What about slashdot-style raw counts of vulnerabilities? As Microsoft got their security more together, it seems like that measure has fallen out of favor.

I am frequently astounded by how many vulnerabilities Firefox point releases address, but I don't know the stats.

2 comments

That gives actively misleading information in two cases: if two vendors have different standards for vulnerabilities (e.g., is a tab crash a DoS or just a thing that happens sometimes) and if one vendor is more active at actually looking to find vulnerabilities (or incentivizing others to do so) than another. Both of those problems, inverted, make the metric easily gameable in awful ways: you're encouraging vendors to have a high bar for what counts as a security bug and you're encouraging them not to look.

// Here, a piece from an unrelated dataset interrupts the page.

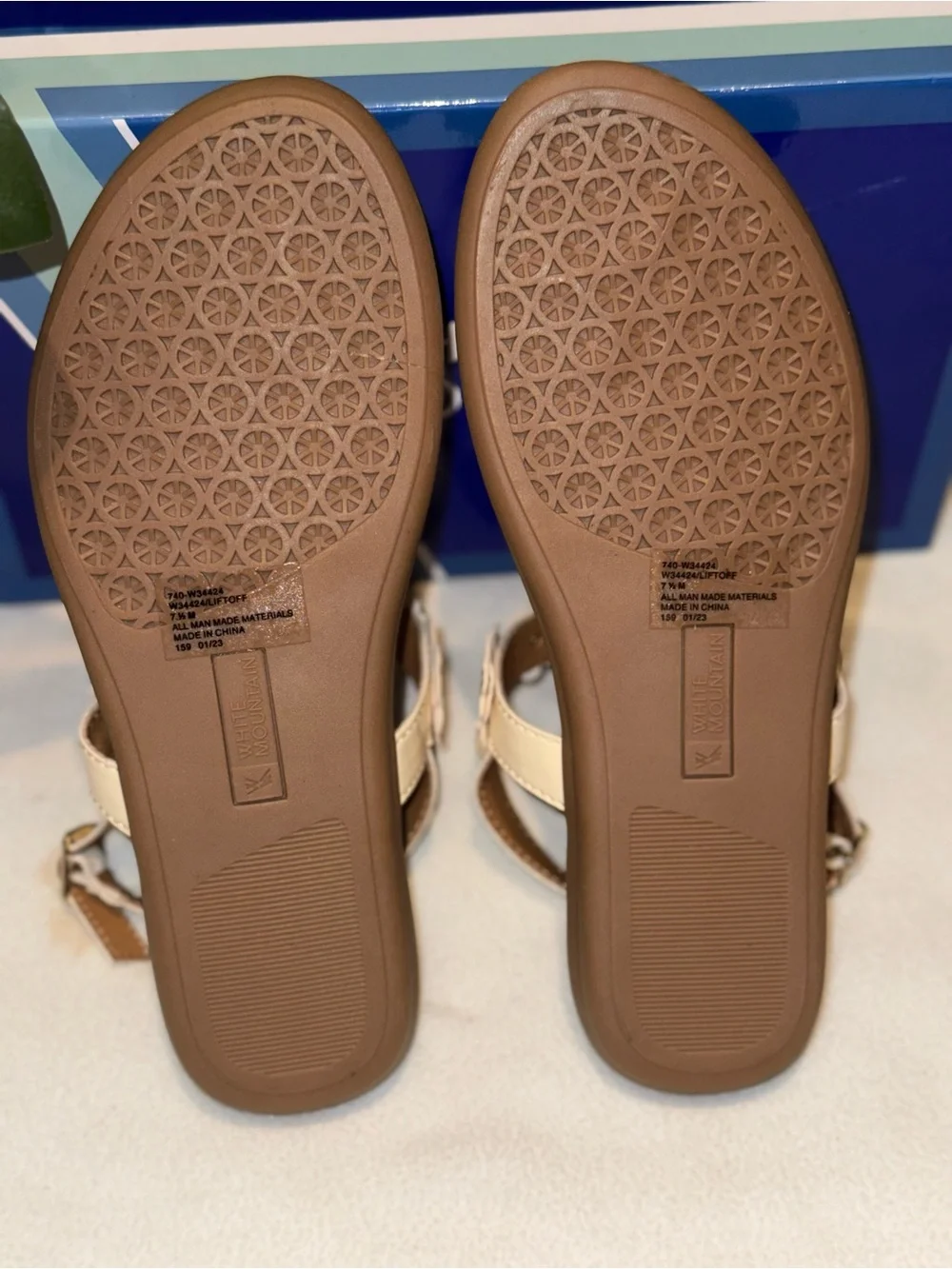 White Mountain Liftoff Flat Sandals feature delicate floral applique on T-strap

A little more fundamentally, vulnerability counts don't provide a great measure of security architecture: whether defense-in-depth and least privilege are good at mitigating the impact of bugs. If, say, you have a JS PNG decoder and once a year someone finds a way for a malicious PNG to run arbitrary JS within the usual web JS sandbox, that's probably way better than having an unsandboxed native-code PNG decoder and once every three years someone finds a way for a malicious PNG to run arbitrary code on the host. (Maybe you can do something involving weighting vulnerabilities by CVSS score or something.)

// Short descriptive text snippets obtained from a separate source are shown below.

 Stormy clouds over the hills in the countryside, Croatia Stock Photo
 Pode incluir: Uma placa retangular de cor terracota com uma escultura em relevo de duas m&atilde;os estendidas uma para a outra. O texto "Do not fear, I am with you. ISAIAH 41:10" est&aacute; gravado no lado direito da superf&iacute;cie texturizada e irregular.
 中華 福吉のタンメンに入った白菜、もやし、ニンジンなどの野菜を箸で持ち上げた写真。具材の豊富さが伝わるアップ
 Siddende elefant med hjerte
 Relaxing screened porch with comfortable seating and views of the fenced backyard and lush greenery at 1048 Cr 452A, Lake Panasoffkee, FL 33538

Vulnerability counting is never a metric for security when comparing counts across products.

It's very helpful for counting within a product.

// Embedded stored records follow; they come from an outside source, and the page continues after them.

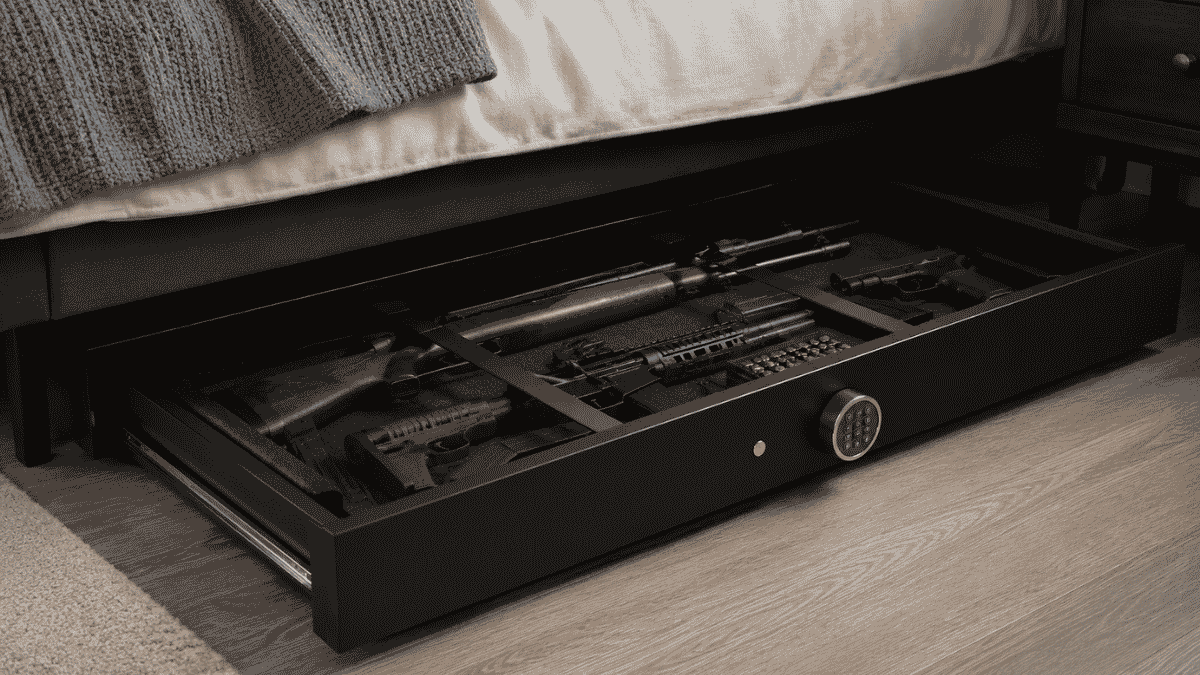 Open under-bed gun safe with rifles, handguns, ammunition, and accessories stored in a bedroom.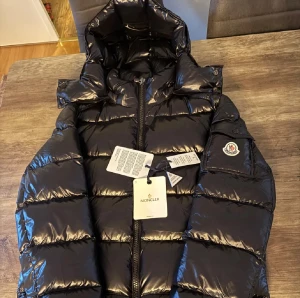 Svart pufferjacka från Moncler - Säljer en svart pufferjacka från Moncler med glansig finish och huva. Jackan har dragkedja framtill, ikonisk Moncler-logga på ärmen och coolt serietryck på insidan. Perfekt för dig som vill ha en varm och snygg jacka med street vibe.
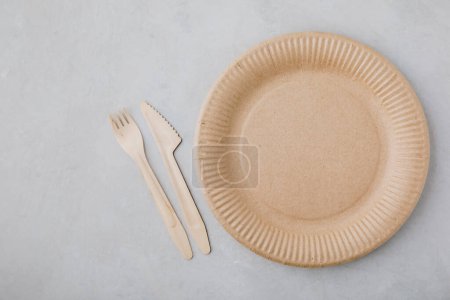 Photo for Disposable paper tableware (paper plates, wooden forks, knives, ) on gray stone background, top view, copy space. Plastic free and zero waste concept. - Royalty Free Image
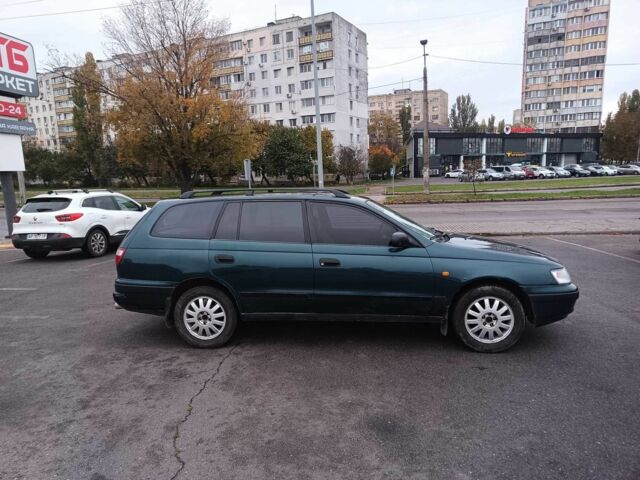 Зелений Тойота Carina E, об'ємом двигуна 1.6 л та пробігом 290 тис. км за 2300 $, фото 3 на Automoto.ua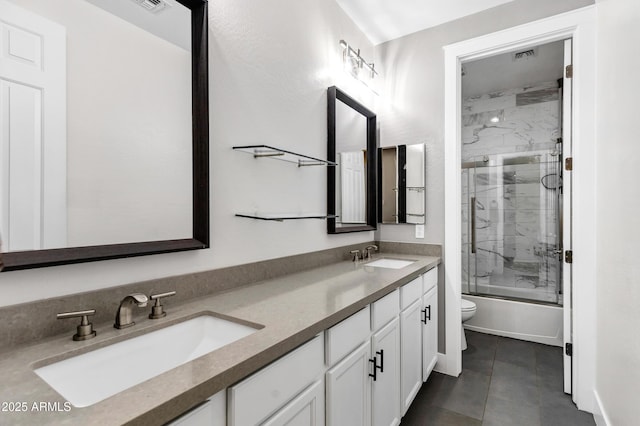 full bathroom with vanity, bath / shower combo with glass door, and toilet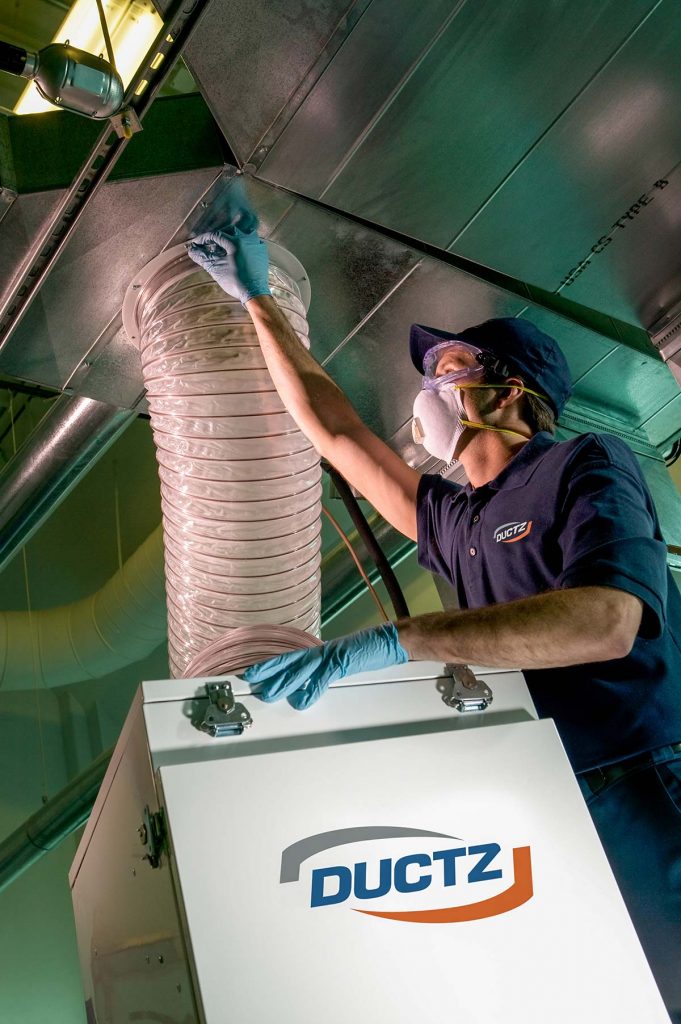 DUCTZ franchise technician cleaning air duct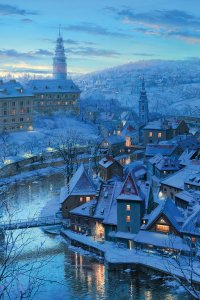 A snowcovered city near a river with several lights on in building windows.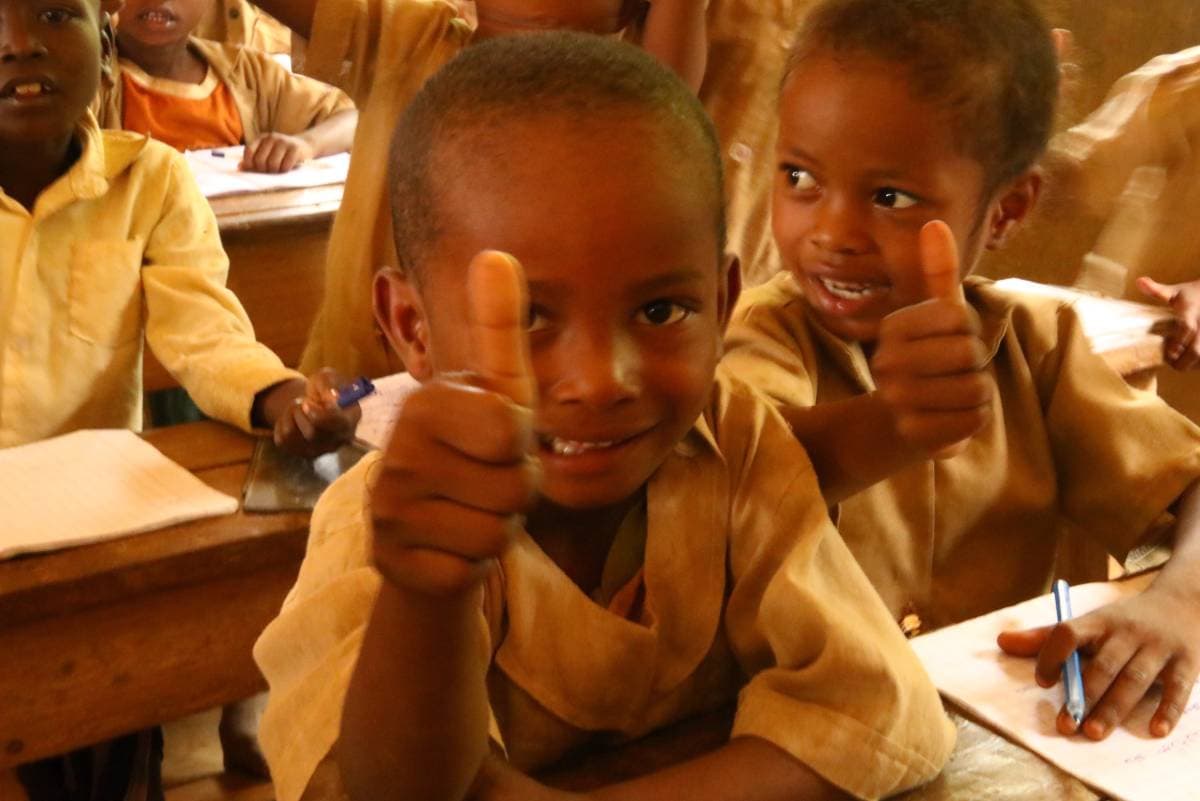 Écoliers souriants levant les pouces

One simple example - A and B are browsers. A has a bounty program that they invest millions into, B does not.

A gets 100 vulnerability reports a month, B gets 5.

Is B safer?

No.

However, let's say we just look at A. It gets 100 a month, and then a new feature is added - suddenly it's 200 a month, and the vulns tend to be in the new codebase. That's interesting information for A - it has nothing to do with B.